Stewart v. Missouri Pacific Railroad Co.

Decision Date23 May 1925
Docket Number23952
Citation272 S.W. 694,308 Mo. 383
PartiesCHARLES EDWARD STEWART, An Infant, by His Next Friend, JOHN W. STEWART, Appellant, v. MISSOURI PACIFIC RAILROAD COMPANY
CourtMissouri Supreme Court

Appeal from St. Louis City Circuit Court; Hon. Frank Landwehr, Judge.

Affirmed.

(1) The evidence adduced by appellant wholly failed to establish either (a) that, before the instant at which he deliberately jumped from the train, appellant was in any position of danger, or (b) that he was oblivious of such danger. The humanitarian doctrine is not applicable to such a state of facts as are established by the evidence in this record appellant is not entitled to recover upon the theory pleaded in his petition, and the judgment of the trial court should therefore be affirmed. Kinlen v. Railroad Co., 216 Mo. 145; Epstein v. Railroad Co., 197 Mo. 720; Hornbuckle v. McCarty, 243 S.W. 327; Degonia v Railroad, 224 Mo. 564. (2) Appellant's evidence conclusively establishes that he was guilty of contributory negligence as a matter of law, for which reason he is not entitled to recover and the judgment of the trial court was therefore proper and should be affirmed. Kirby v. United Railways Co., 242 S.W. 79; McGee v. Railroad Co., 214 Mo. 520; Marshall v. United Railways Co., 209 S.W. 931; Spillane v. Railway, 135 Mo. 414; Payne v. Railway, 136 Mo. 562; Walker v. Railroad, 193 Mo. 453.

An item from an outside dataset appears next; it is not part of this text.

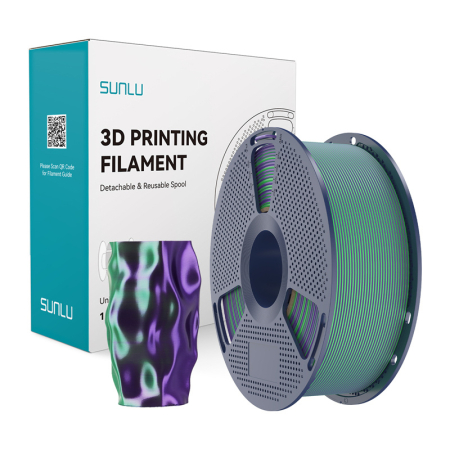 Filament Sunlu PLA+ Silk in doua culori (verde si violet) [0]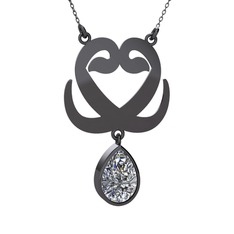 Çift Vav Kolye - Swarovski 925 ayar siyah rodyum kaplama gümüş kolye (40 cm gümüş rolo zincir) #170or1x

White, J. Walker, Blair and Graves, JJ., concur; Atwood, Woodson and Ragland, JJ., dissent.

OPINION
WHITE

This case was first heard in Division, and upon dissent was transferred to Court in Banc, where, on re-argument, the majority failing to agree on the divisional opinion, the case was re-assigned.

The suit was to recover for personal injuries claimed to have been caused to the plaintiff through the negligence of defendant's employees.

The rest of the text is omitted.